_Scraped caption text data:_
= = = = = = =

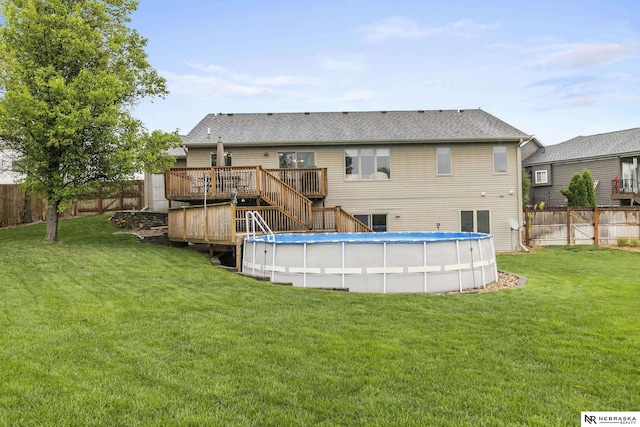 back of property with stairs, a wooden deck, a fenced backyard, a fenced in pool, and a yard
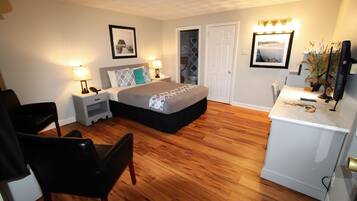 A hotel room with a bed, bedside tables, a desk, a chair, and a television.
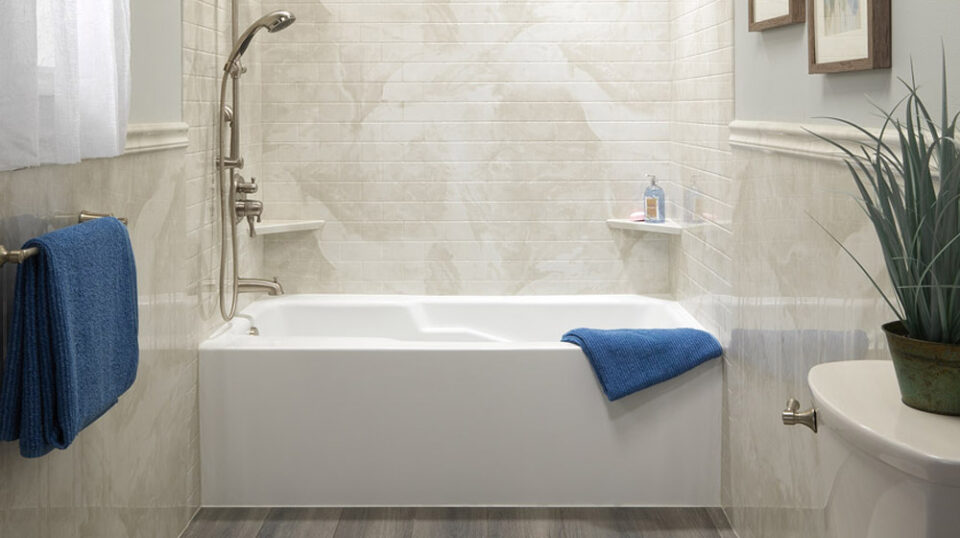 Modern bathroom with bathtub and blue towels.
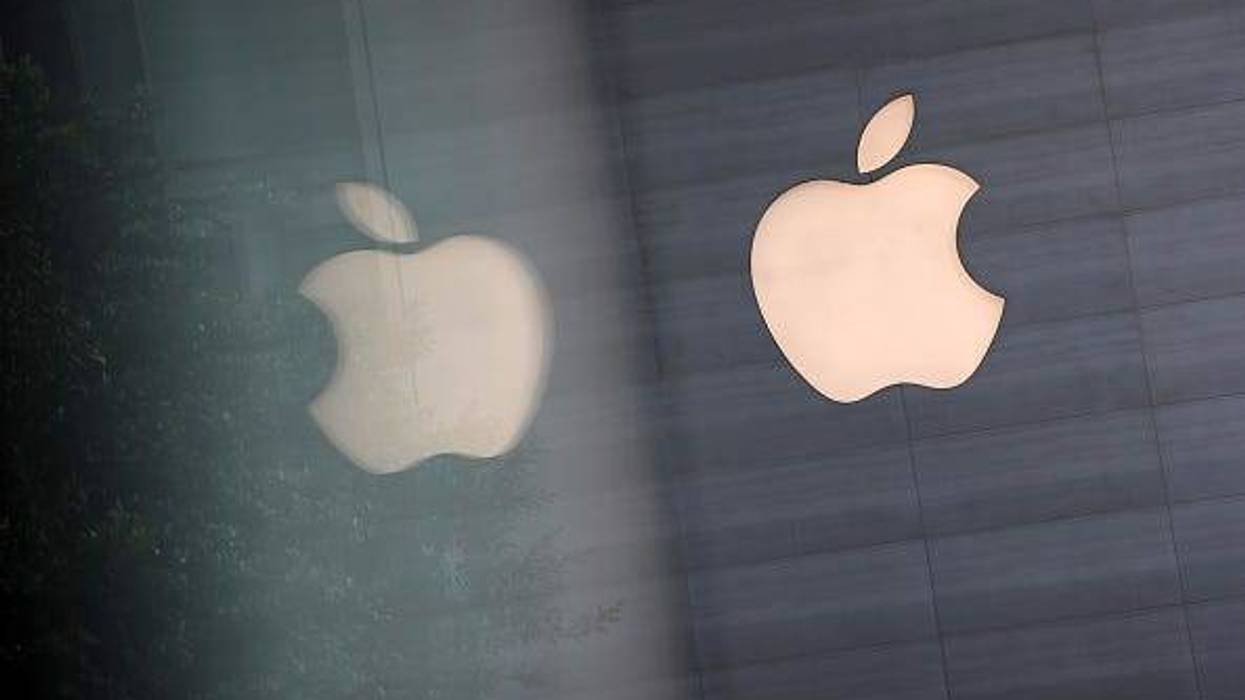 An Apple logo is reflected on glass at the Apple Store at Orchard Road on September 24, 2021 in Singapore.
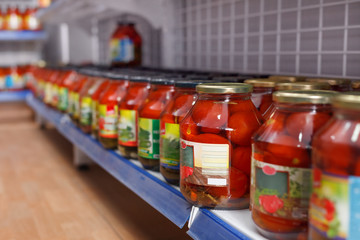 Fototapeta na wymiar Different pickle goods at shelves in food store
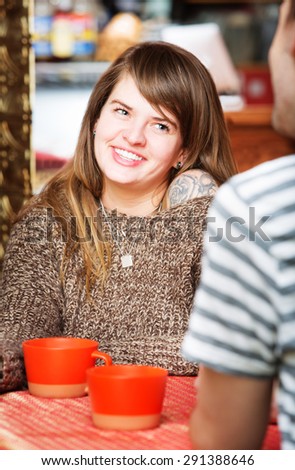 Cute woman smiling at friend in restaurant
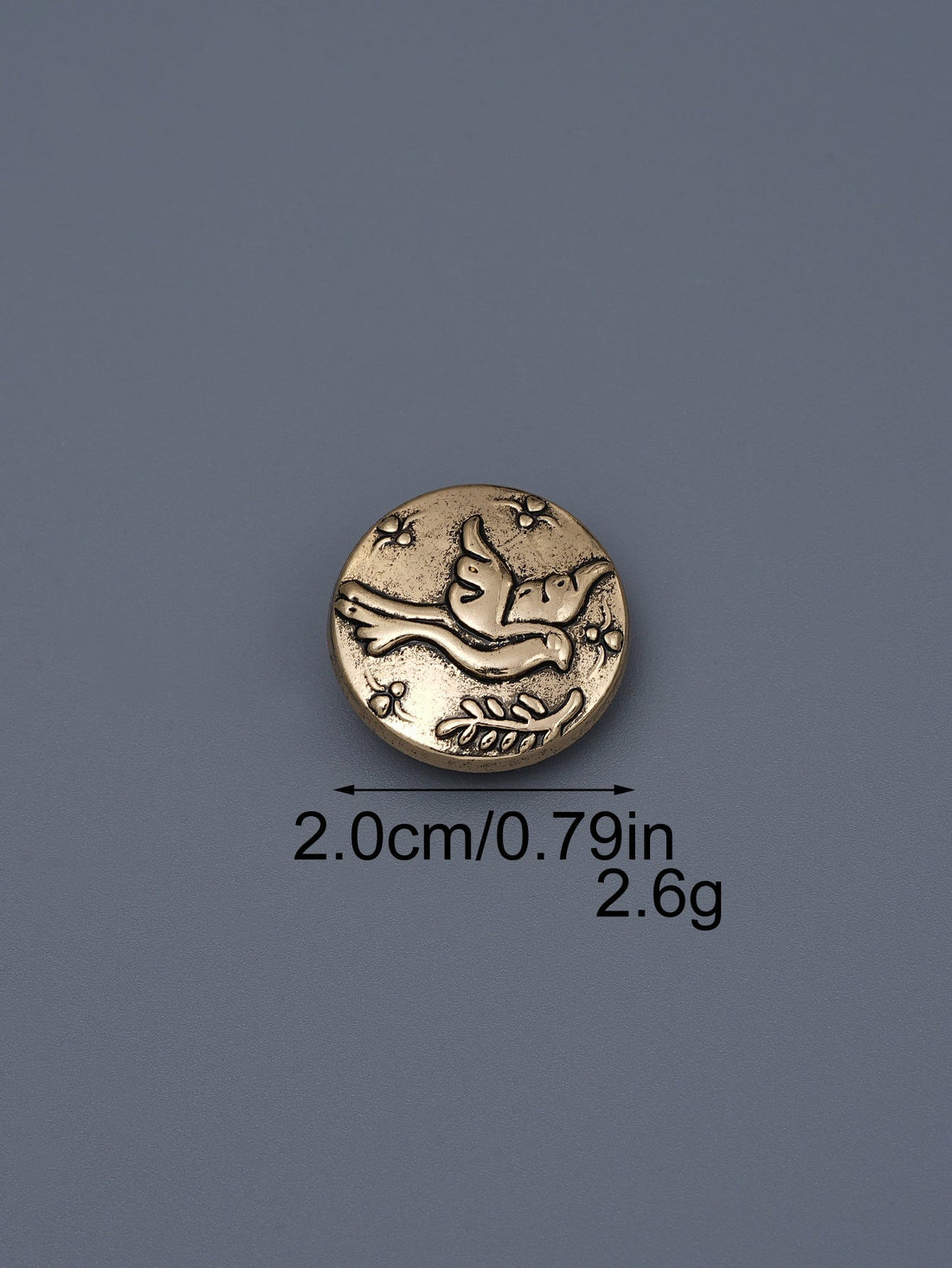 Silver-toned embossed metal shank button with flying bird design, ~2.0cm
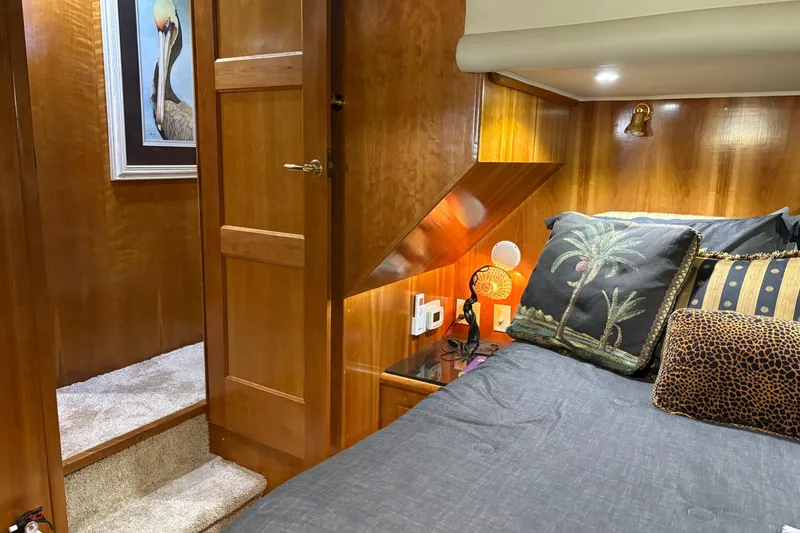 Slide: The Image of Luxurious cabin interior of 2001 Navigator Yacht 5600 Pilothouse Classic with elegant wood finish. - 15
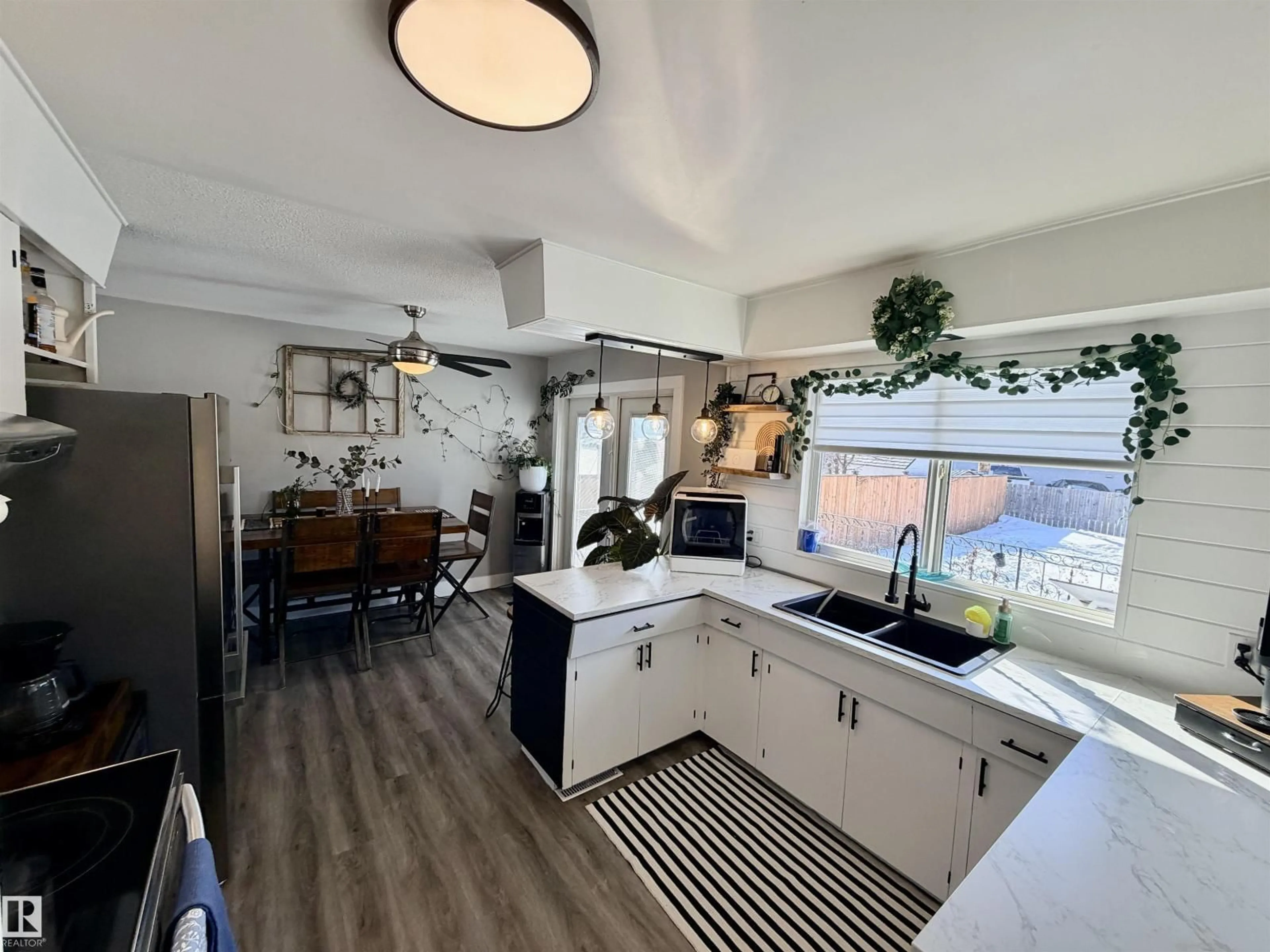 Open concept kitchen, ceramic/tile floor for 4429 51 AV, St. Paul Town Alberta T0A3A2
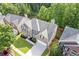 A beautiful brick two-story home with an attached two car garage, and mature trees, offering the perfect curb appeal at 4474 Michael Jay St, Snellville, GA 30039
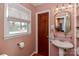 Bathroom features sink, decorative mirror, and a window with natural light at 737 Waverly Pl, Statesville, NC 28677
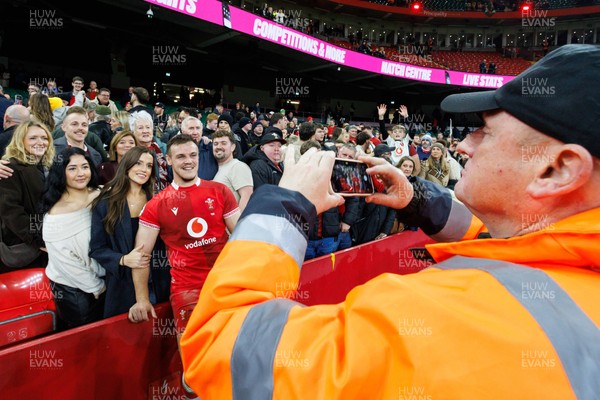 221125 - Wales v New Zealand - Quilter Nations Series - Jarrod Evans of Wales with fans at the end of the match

= = = = = = =

_Problem requirements:_ Every line above in the stretch from the one with "Modern bathroom with" through the one with "Bathroom features sink, decorative" is to be transcribed exactly, ends included. No picture is copied.

_Solved exercise:_
 Modern bathroom with bathtub and blue towels.
 An Apple logo is reflected on glass at the Apple Store at Orchard Road on September 24, 2021 in Singapore.
 Fototapeta na wymiar Different pickle goods at shelves in food store
 Cute woman smiling at friend in restaurant
 Silver-toned embossed metal shank button with flying bird design, ~2.0cm
 Slide: The Image of Luxurious cabin interior of 2001 Navigator Yacht 5600 Pilothouse Classic with elegant wood finish. - 15
 Open concept kitchen, ceramic/tile floor for 4429 51 AV, St. Paul Town Alberta T0A3A2
 A beautiful brick two-story home with an attached two car garage, and mature trees, offering the perfect curb appeal at 4474 Michael Jay St, Snellville, GA 30039
 Bathroom features sink, decorative mirror, and a window with natural light at 737 Waverly Pl, Statesville, NC 28677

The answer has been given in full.